Strong earnings, easing oil prices drive Q2 stock rally
U.S. stock investors brushed off any concerns from the Iran war to send major indexes to their best quarter since 2020.
The big picture: Stocks rebounded after a bruising first quarter.
Flashback: The rebound follows a bruising first quarter, when all three indexes finished in the red, brought down by a brutal March when the Iran war sent oil prices soaring for most of the month.
And it wasn't just the biggest names having a good first half.
Between the lines: Strong corporate earnings throughout the first half buoyed confidence in stocks in Q2, particularly in the tech sector.
Zoom in: The price of West Texas Intermediate crude — the U.S. benchmark for oil — has been easing for most of June, and was slightly above $70 per barrel this morning.

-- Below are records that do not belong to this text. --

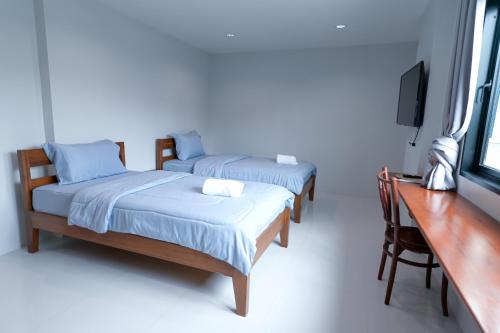 Ένα ή περισσότερα κρεβάτια σε δωμάτιο στο ChomTique Hotel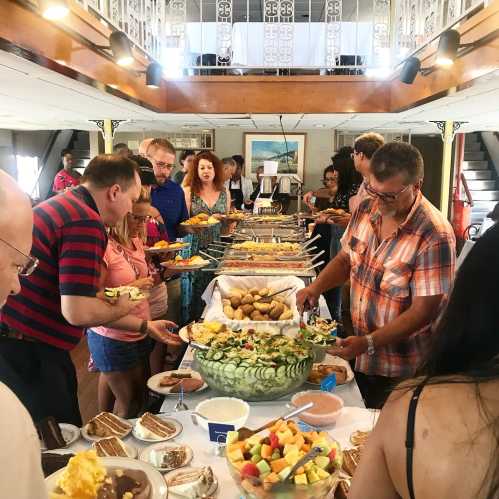 A diverse group of people enjoying a buffet with various dishes, fruits, and desserts in a spacious dining area.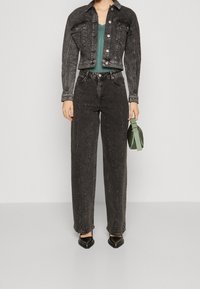 Žena oblečená v černé džínové bundě a odpovídajících džínách s vysokým pasem a širokými nohavicemi s drobnými bílými skvrnami, držící zelenou kabelku.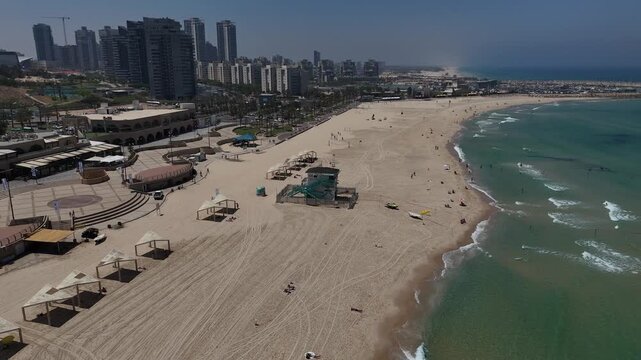 4K Slow Motion Continuation Orbit Drone Around Lifeguard Tower, HaKeshet Beach Ashdod Israel, Sea and City Skyline View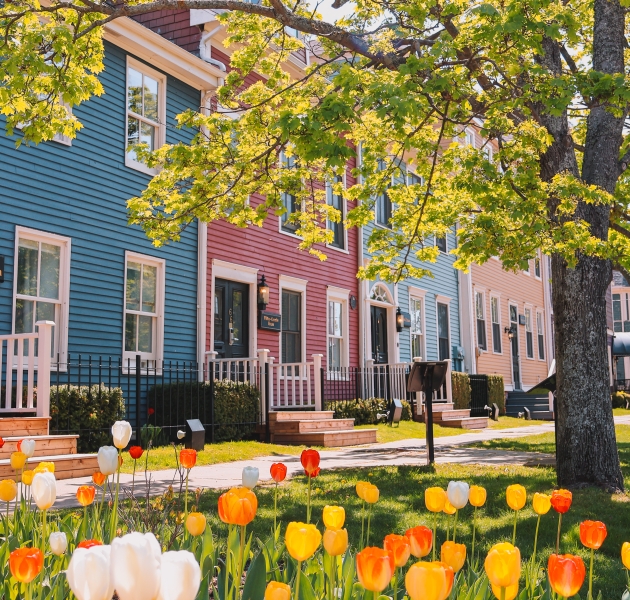 The Great George Hotel on Great George Street in Charlottetown, Prince Edward Island, with spring tulips and eco-friendly housekeeping opt-out program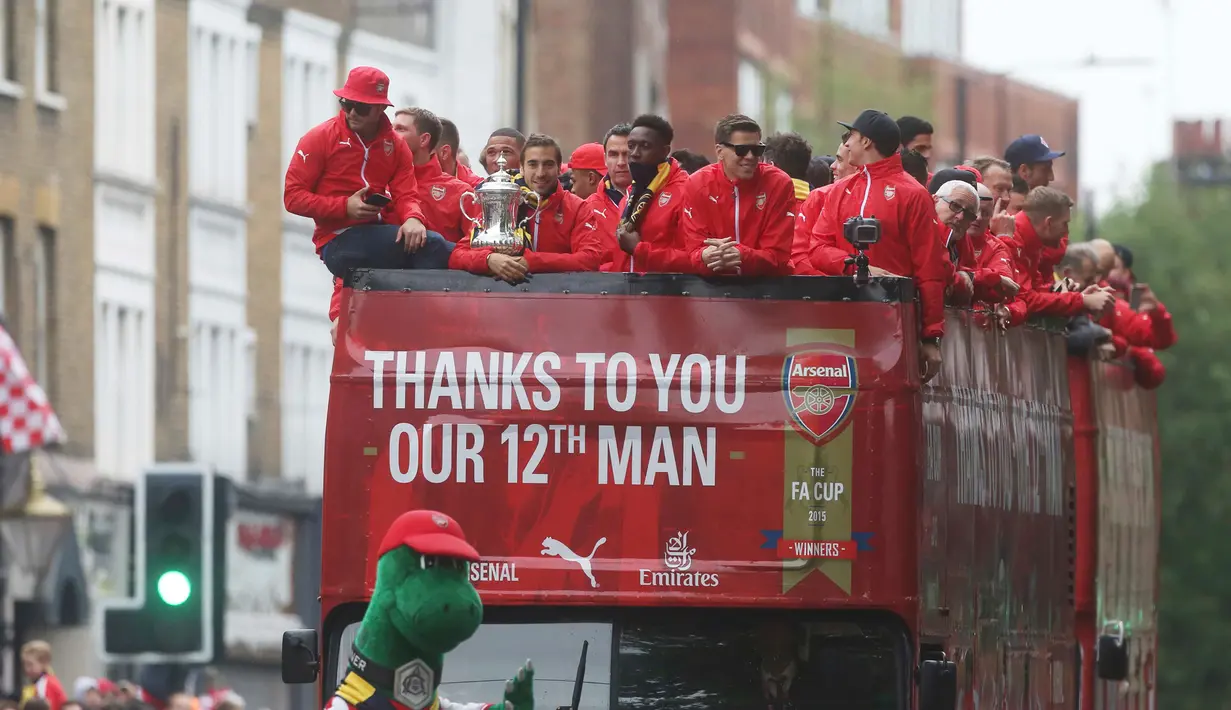 Para Pemain Arsenal berada diatas bus melakukan parade keliling kota untuk merayakan kemenangan usai meraih Piala FA di London, Inggris, (31/5/2015). Arsenal meeraih Trofi piala FA usai mengalahkan Aston Villa 4-0. (REUTERS/Neil Balai)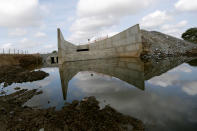 <p>Part of a construction project to divert the Sao Francisco River to relieve Campina Grande and other cities is shown at the entrance to the city of Monteiro, Paraiba state, Brazil, Feb. 9, 2017. (Photo: Ueslei Marcelino/Reuters) </p>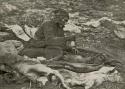 Woman pounding pemmican, Ussijusque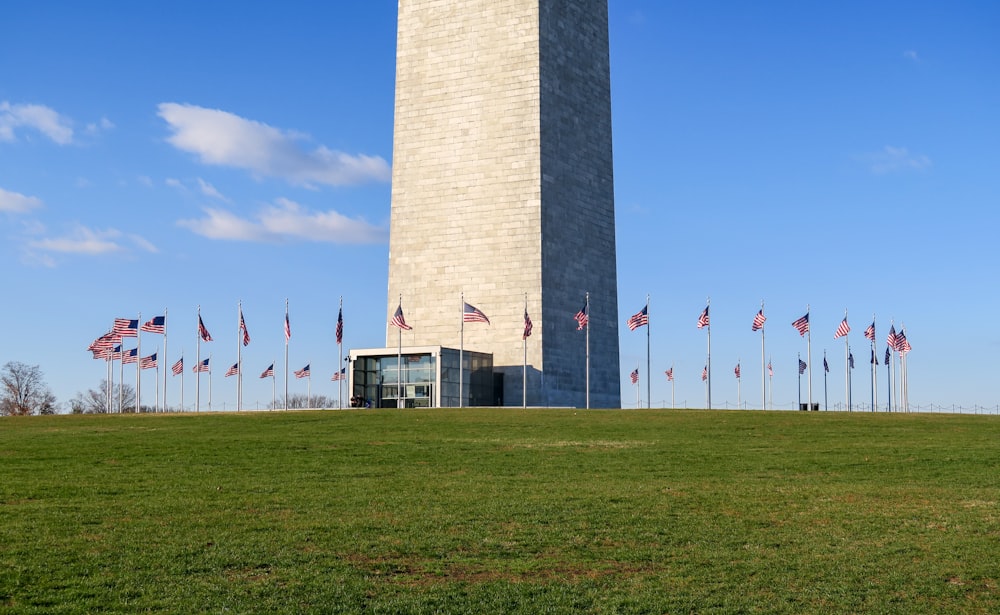 Uma torre alta com muitas bandeiras americanas à sua frente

The second quarter also had the largest IPO ever — the debut of SpaceX, which saw its shares soar, slump and then rise again.
Yes, but: Deal activity was sluggish in Q2, as a wave of economic caution amid the Iran war "clearly impacted confidence" in mergers and acquisitions, leading many players outside energy and AI to pause or delay transactions, per KPMG.
What we're watching: Concerns about an AI bubble continue to shadow tech stocks' momentum.
What they're saying: "We believe incrementally hawkish and uncertain Fed policy will be the overarching theme in 2H 2026," writes Nicholas Colas, co-founder of DataTrek.